Adiós a la Síndrome de Alienación Parental (SAP)
Durante años, la SAP se usó para poner en duda la voz de los niños, sugiriendo que estaban influenciados por uno de los padres. La nueva ley elimina este concepto, considerado controversial y muchas veces utilizado para desacreditar el testimonio infantil.
Protección reforzada en casos de violencia
El texto legal endurece los criterios en situaciones que involucran violencia de género o maltrato. Por ejemplo, establece que un maltratador no puede ser considerado un buen referente para el menor. Esto complica la concesión de custodia compartida cuando existen indicios de violencia.
Además, el menor ya no tendrá que repetir su testimonio varias veces ante diferentes profesionales (policías, psicólogos, jueces), lo que reduce su revictimización.
Atención psicológica sin obstáculos
La reforma facilita que el niño pueda recibir ayuda psicológica con el consentimiento de un solo progenitor, evitando que el agresor pueda vetar esta atención necesaria.
Control en profesiones con contacto infantil
Otra novedad: las personas condenadas por delitos relacionados con la infancia o violencia machista estarán excluidas de trabajar en profesiones que impliquen contacto con menores.

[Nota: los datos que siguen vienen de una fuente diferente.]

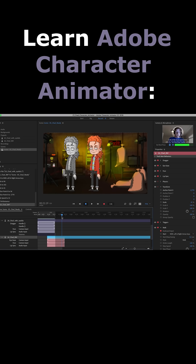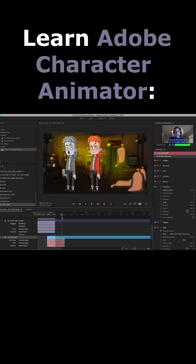By the time you're done with this course, you should have a strong understanding of how to navigate, rig, and record inside of Adobe Character Animator. Let's take a look at the next video.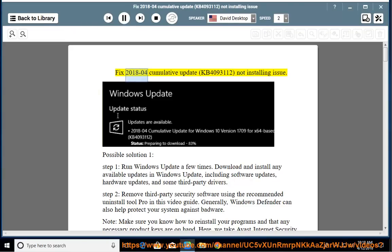Fix 2018-04 Cumulative Update KB4093112 Not Installing Issue — Possible Solution 1, Step 1.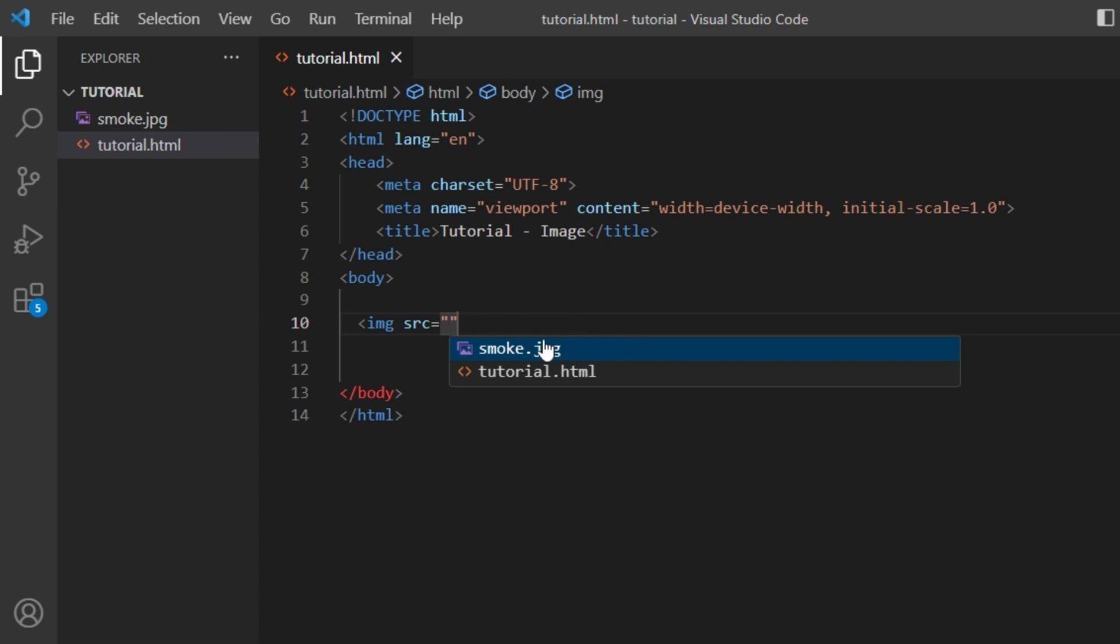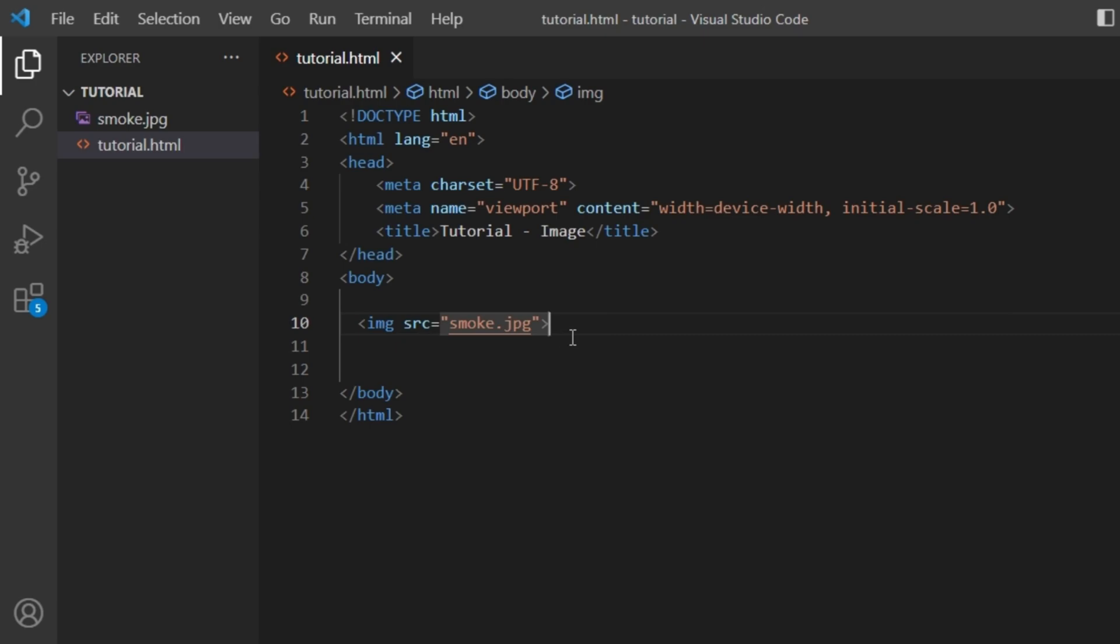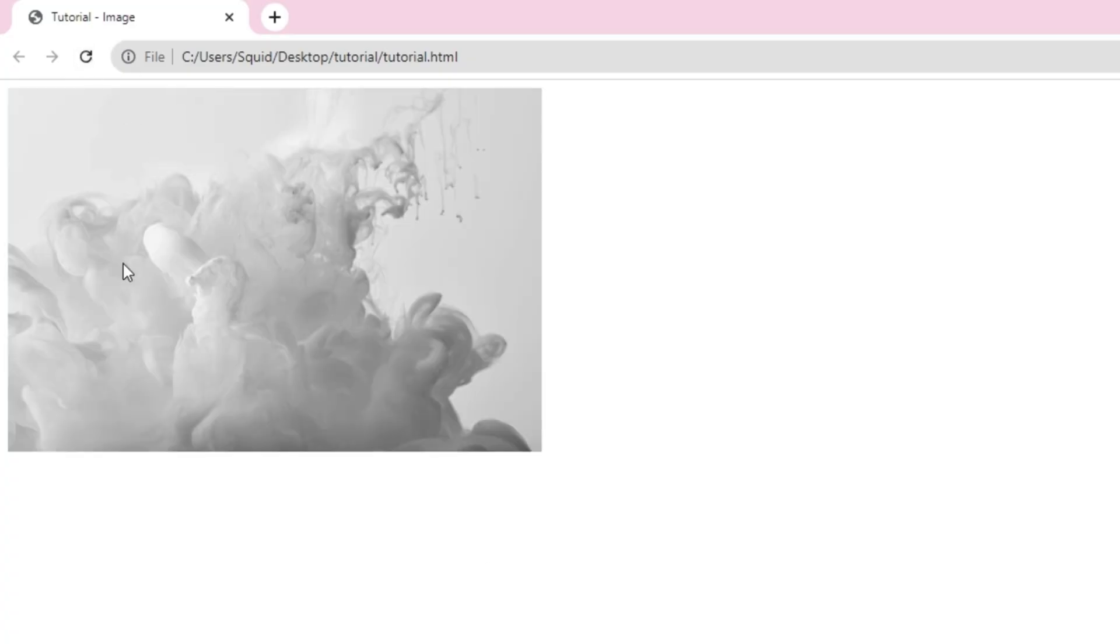Code. So for me this is smoke.jpg, so I'll click on this and then I'll close this. Now once I go to my page and refresh this, the image should pop up.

En resumen, esta reforma busca poner al niño en el centro de las decisiones judiciales, evitando que se convierta en víctima silenciosa de conflictos familiares o violencia. Aún falta su aprobación definitiva en el Congreso, pero marca un cambio claro en la forma de proteger a los más pequeños.
Si tienes hijos o estás en proceso de separación, esta ley cambiará la manera en que el sistema judicial escucha y protege a los menores.